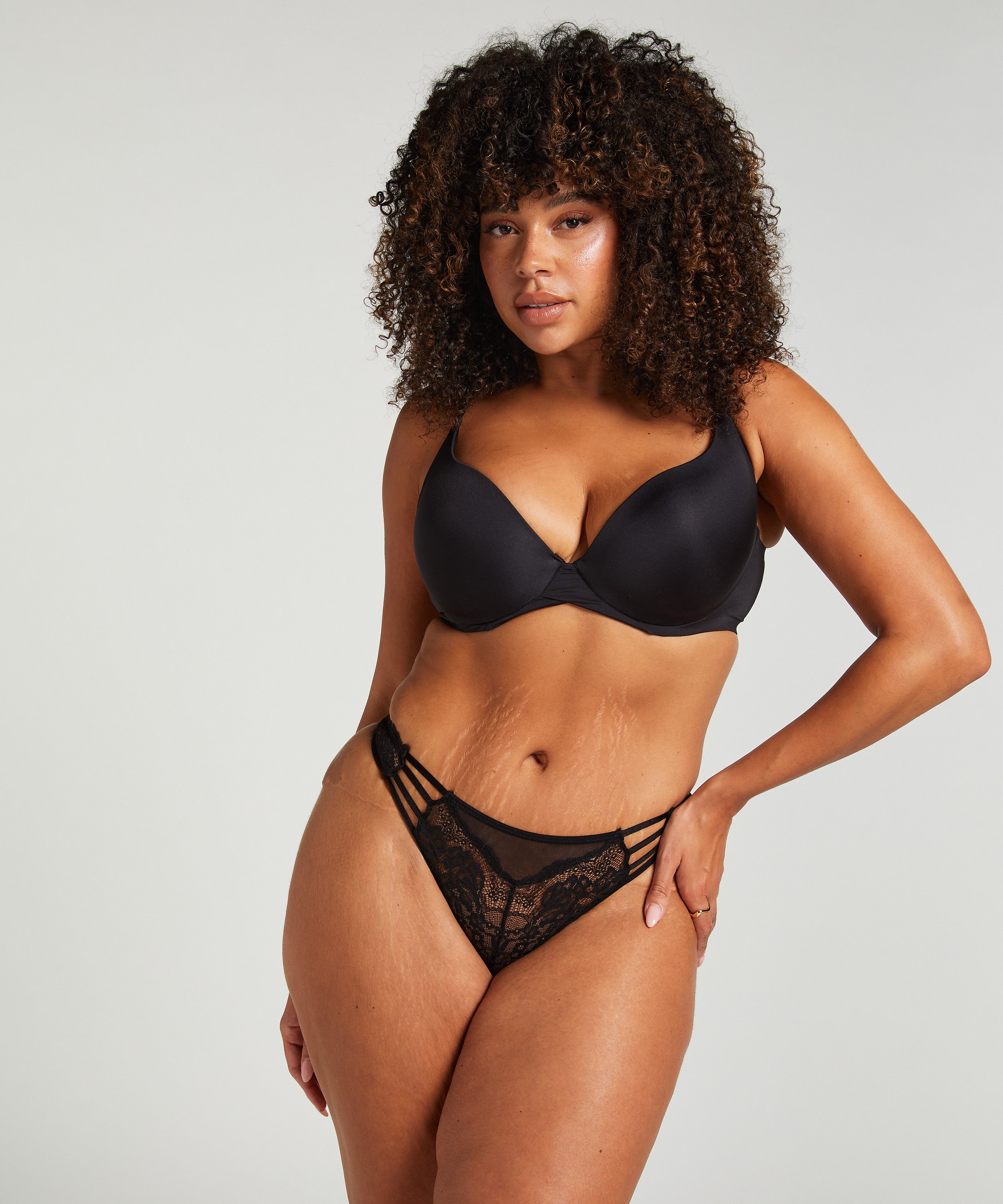 G-streng Briar, Sort, main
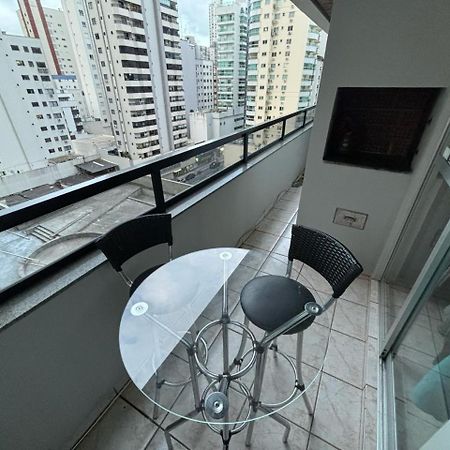 Balneário CamboriúApartamento 2 Quartos Central Diferenciadoアパートメント エクステリア 写真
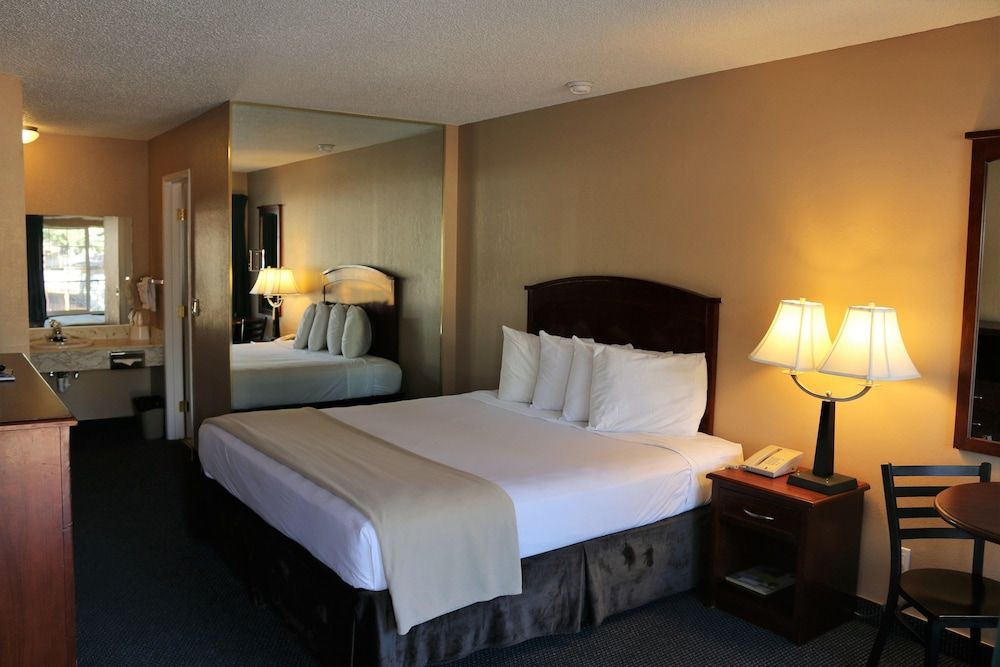 undefined Bluelake Inn at Tahoe 4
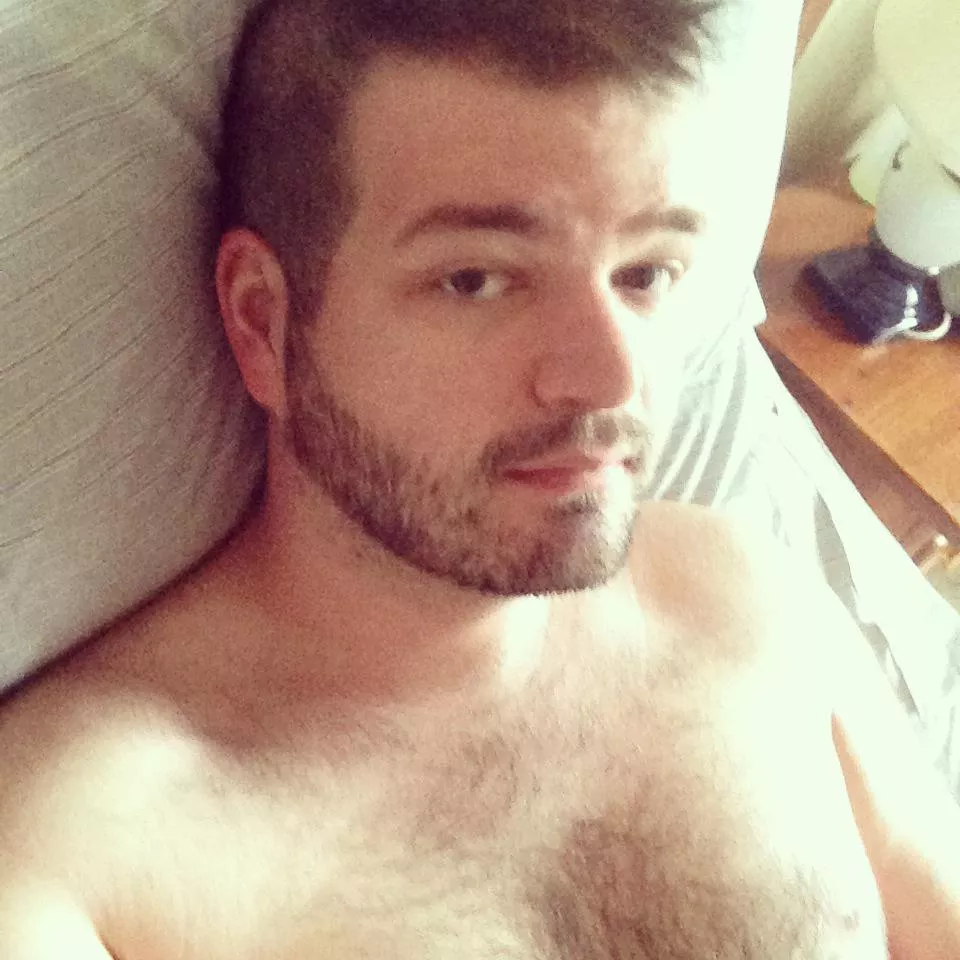 Been so lazy today. Hope everyone is having a more productive day <3 posted by ryee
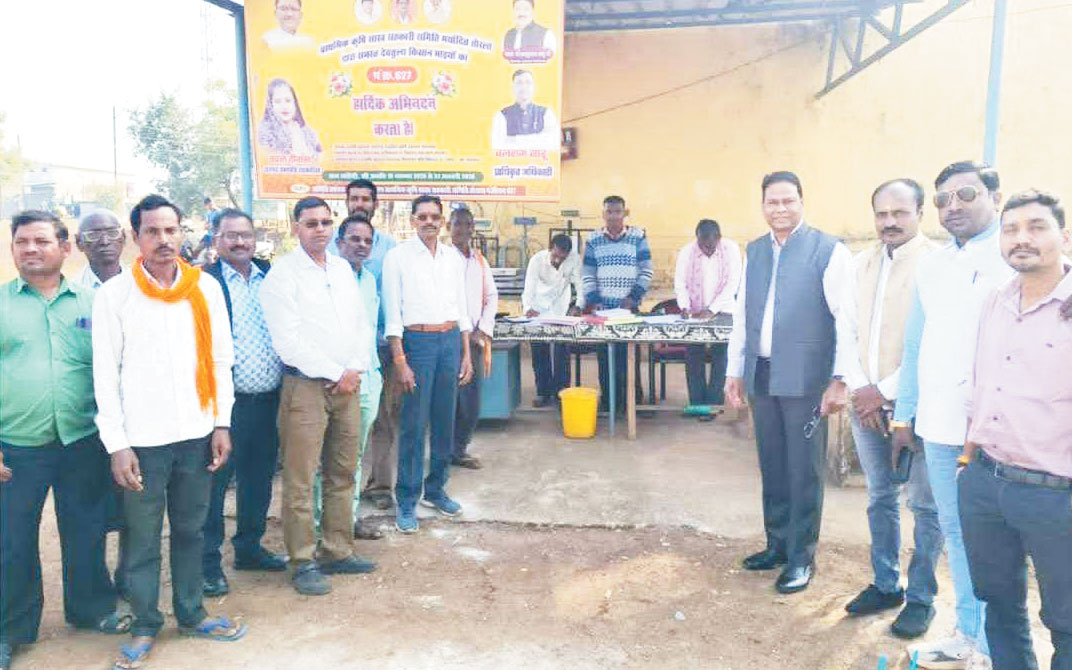 तोरला सोसायटी में बलराम ने किया धान खरीदी का शुभारंभ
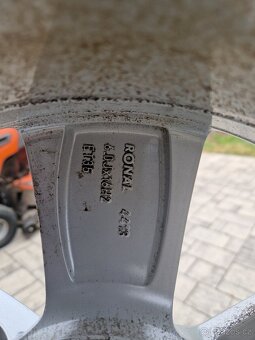 Zimní sada alu Škoda Scala/Kamiq 195/60 R16 - 9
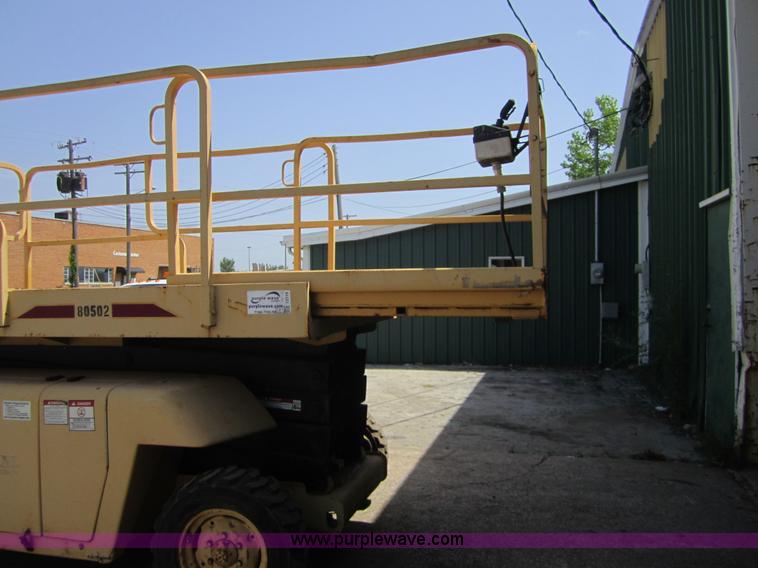 image for item I2119 1998 Grove SM3269XT scissor lift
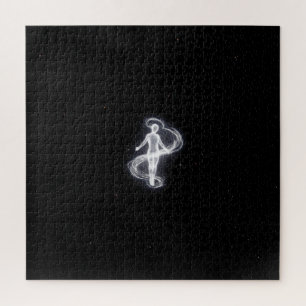 Wirling Glowing Vrouw Spirit in het duistere unive Legpuzzel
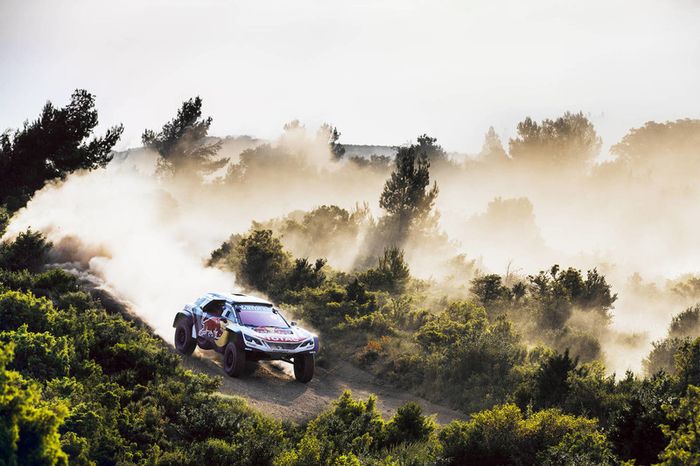 Peugeot 3008DKR Maxi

------------------------------------------------------------

What is required: With pictures excluded, output the listing above exactly as it stands.

Response for this exercise:
 G-streng Briar, Sort, main
 Balneário CamboriúApartamento 2 Quartos Central Diferenciadoアパートメント エクステリア 写真
 undefined Bluelake Inn at Tahoe 4
 Been so lazy today. Hope everyone is having a more productive day <3 posted by ryee
 तोरला सोसायटी में बलराम ने किया धान खरीदी का शुभारंभ
 Zimní sada alu Škoda Scala/Kamiq 195/60 R16 - 9
 image for item I2119 1998 Grove SM3269XT scissor lift
 Wirling Glowing Vrouw Spirit in het duistere unive Legpuzzel
 Peugeot 3008DKR Maxi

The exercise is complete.